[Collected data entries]
....................

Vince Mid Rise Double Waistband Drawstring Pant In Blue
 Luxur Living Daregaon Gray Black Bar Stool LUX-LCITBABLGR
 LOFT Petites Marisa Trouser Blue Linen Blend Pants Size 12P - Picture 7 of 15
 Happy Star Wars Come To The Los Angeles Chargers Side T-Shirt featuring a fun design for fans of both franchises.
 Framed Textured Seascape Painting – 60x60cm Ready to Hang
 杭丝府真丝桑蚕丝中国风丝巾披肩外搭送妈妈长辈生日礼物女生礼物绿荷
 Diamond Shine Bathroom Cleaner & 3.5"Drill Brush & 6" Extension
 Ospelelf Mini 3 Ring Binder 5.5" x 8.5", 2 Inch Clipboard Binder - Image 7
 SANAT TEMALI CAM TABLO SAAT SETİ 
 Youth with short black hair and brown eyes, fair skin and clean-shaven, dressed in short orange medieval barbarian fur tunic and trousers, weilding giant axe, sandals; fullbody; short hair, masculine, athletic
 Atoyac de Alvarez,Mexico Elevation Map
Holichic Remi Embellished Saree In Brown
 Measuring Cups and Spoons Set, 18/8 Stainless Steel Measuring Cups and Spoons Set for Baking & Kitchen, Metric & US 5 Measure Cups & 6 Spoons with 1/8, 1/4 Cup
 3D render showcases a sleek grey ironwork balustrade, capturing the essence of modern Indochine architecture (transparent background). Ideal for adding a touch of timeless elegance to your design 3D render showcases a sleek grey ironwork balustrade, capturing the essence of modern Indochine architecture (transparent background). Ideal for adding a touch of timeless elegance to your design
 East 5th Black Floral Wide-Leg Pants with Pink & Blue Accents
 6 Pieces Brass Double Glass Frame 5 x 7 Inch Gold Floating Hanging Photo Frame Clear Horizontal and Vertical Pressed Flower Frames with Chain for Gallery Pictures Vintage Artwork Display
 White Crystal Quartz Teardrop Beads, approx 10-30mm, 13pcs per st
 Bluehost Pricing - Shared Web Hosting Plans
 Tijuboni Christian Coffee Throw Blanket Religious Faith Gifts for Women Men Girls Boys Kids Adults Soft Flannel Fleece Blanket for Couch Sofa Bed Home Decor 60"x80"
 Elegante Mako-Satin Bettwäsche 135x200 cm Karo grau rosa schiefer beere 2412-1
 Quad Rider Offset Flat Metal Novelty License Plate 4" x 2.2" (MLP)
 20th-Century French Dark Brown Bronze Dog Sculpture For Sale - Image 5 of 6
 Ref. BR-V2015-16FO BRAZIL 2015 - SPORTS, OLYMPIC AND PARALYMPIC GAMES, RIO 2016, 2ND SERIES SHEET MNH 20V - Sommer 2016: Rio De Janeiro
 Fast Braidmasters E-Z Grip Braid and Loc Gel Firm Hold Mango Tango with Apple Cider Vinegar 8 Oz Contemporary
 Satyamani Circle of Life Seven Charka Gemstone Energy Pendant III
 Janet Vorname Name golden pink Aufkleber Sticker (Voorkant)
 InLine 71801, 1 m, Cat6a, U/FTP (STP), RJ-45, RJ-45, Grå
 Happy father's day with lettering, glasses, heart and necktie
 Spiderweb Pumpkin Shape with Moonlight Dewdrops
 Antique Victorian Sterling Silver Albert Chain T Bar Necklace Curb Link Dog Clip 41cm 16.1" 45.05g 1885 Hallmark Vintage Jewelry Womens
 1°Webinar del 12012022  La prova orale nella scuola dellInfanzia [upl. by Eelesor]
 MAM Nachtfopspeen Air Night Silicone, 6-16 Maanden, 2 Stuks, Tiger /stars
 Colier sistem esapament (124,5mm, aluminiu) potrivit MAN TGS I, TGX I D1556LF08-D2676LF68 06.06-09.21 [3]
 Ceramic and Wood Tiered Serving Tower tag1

....................

- **Task instructions**
What you return must be an exact retyping of the lines above starting at the line with "Ref. BR-V2015-16FO BRAZIL" and ending at the line with "Satyamani Circle of", and nothing besides.

- **Result**
 Ref. BR-V2015-16FO BRAZIL 2015 - SPORTS, OLYMPIC AND PARALYMPIC GAMES, RIO 2016, 2ND SERIES SHEET MNH 20V - Sommer 2016: Rio De Janeiro
 Fast Braidmasters E-Z Grip Braid and Loc Gel Firm Hold Mango Tango with Apple Cider Vinegar 8 Oz Contemporary
 Satyamani Circle of Life Seven Charka Gemstone Energy Pendant III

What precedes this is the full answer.